This note documents the current production scoring model as implemented in the score engine API (meta.version = legacy-gse-v1). The goal is methodological transparency: what v1 does well, what it does not do, and what evidence currently supports it.
Model Scope (v1)
v1 estimates text difficulty from text-only inputs. It combines:
- Flesch Reading Ease on preprocessed text.
- Vocabulary-based GSE estimation from lemma lookups in the internal vocabulary database.
- Fixed weighted blending into a single 10-90 GSE estimate, then CEFR band conversion.
What v1 explicitly does not include:
- Placement-score evidence from real learners.
- Task-demand modeling (difficulty is estimated from text only, not text plus task).
- Multi-source calibration corpora beyond the current validation set.
Data and Validation Snapshot
Current validation files in score_engine/algorithm_validation/test_texts contain 59 British Council texts (A1-A2-B1-B2-C1). The initial intent was approximately 60 texts; the current checked-in set is 59.
From the latest available validation report in repo (report_20241226_105848.txt):
- Exact CEFR accuracy: 32.20%
- Within one CEFR level: 71.19%
- Source coverage: single publisher (British Council), no explicit task annotations
These numbers are useful as a baseline, not as final performance claims for broader domains.
Pipeline Overview
- Preprocess input text with formatting heuristics (block/list/regular handling).
- Compute Flesch Reading Ease on preprocessed text.
- Lemmatize with spaCy (
en_core_web_sm) and lookup lemma GSE values in SQLite. - Compute mean vocabulary GSE.
- Convert both channels into bounded 10-90 indices.
- Blend channels with fixed weights.
- Convert combined GSE to CEFR label.
Core formulas currently configured:
gse_reading_index = clamp(-3.2 * flesch_score + 280, 10, 90)
word_gse_index = clamp( 5.0 * avg_word_gse - 90, 10, 90)
overall_gse = 0.1 * gse_reading_index + 0.9 * word_gse_index
Strengths and Weaknesses by Section
| Section | Strengths | Weaknesses |
|---|---|---|
| Input preprocessing | Handles structured text formats and normalizes sentence endings; reduces noise from raw copied content. | Heuristic rules can alter readability behavior in edge formats; no task/context awareness. |
| Readability channel (Flesch) | Fast, deterministic, easy to audit, stable baseline feature. | Designed for native-speaker readability; misses lexical and pedagogical nuance for L2 progression. |
| Vocabulary channel (spaCy + GSE lookup) | Uses lemma-based matching and an explicit lexical difficulty signal; dominates final score in v1 (0.9 weight). | Sensitive to lemma coverage and POS/lemmatization quality; unknown words and named entities can distort signal. |
| Score blending | Transparent fixed coefficients/weights; reproducible runs. | Fixed global weights are not personalized by learner profile, L1, genre, or task type. |
| CEFR conversion | Simple mapping from combined GSE to CEFR labels (+ subbands such as B1+/B2+). | Threshold mapping is hard-banded; can hide uncertainty near boundaries. |
| Validation setup | Versioned local validation scripts and reports; fast to rerun. | Single-source corpus (British Council), 59 texts, no task metadata, no placement-linked outcomes. |
| API packaging | Clear /v1/analyze/text endpoint with latency metadata and explicit engine version tag. |
No built-in confidence interval or rationale trace in response; version is labeled legacy but still baseline production logic. |
What v1 Is Good For
- Fast first-pass text difficulty screening.

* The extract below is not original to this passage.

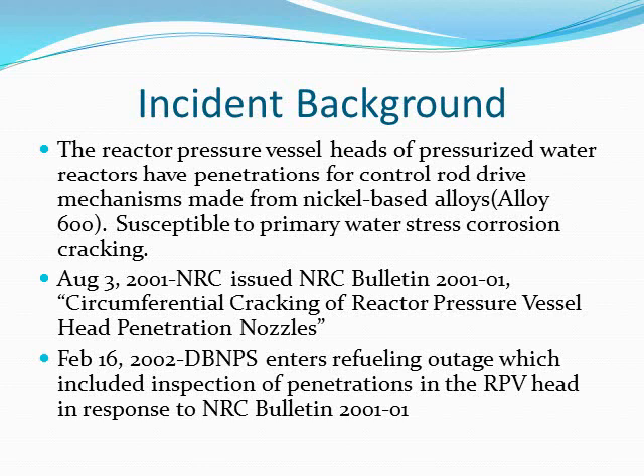For the background of the incident, the reactor pressure vessel heads of pressurized water reactors have penetrations for control rod drive mechanisms made from nickel-based alloys — more specifically, Alloy 600 — which makes them susceptible to primary water stress corrosion cracking. On August 3, 2001, the NRC issued NRC Bulletin 2001-01. This bulletin was issued in response to recent discoveries of cracked and leaking Alloy 600 vessel head penetration nozzles, including control rod drive mechanisms and thermocouple nozzles, at four PWRs. This raised concern about the structural integrity of vessel head penetration nozzles throughout the PWR industry.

- Consistent internal comparisons across similar content.
- Generating a transparent baseline for future model iterations.
Where v1 Can Mislead
- Task-heavy learning contexts where text-only signals understate real difficulty.
- Cross-domain or cross-publisher comparisons with style/format drift.
- High-stakes placement decisions without learner performance evidence.
Open Methodology Commitments
For each engine version, CEFR.AI should publish:
- Inputs and exclusions (what signals are used vs omitted).
- Fixed coefficients and thresholds.
- Validation set composition and known blind spots.
- A change log of what moved between versions.
This post is the v1 baseline reference for that process.
Implementation Pointers (Code Paths)
- Analyzer orchestration:
score_engine/text_analysis_engine/analyzers/gse_analyzer.py - Estimator formulas and blending:
score_engine/text_analysis_engine/utils/gse_estimator.py - Coefficients/weights:
score_engine/text_analysis_engine/utils/gse_config.py - CEFR mapping:
score_engine/text_analysis_engine/utils/cefr_converter.py - Preprocessing:
score_engine/text_analysis_engine/processors/text_preprocessor.py - Validation scripts:
score_engine/algorithm_validation/
Next Version Priorities
- Add placement-score evidence to calibration and evaluation.
- Add task-demand features so scoring reflects text plus task.
- Expand validation beyond one publisher and publish stratified performance by source/genre.
- Add uncertainty reporting so near-boundary predictions are treated cautiously.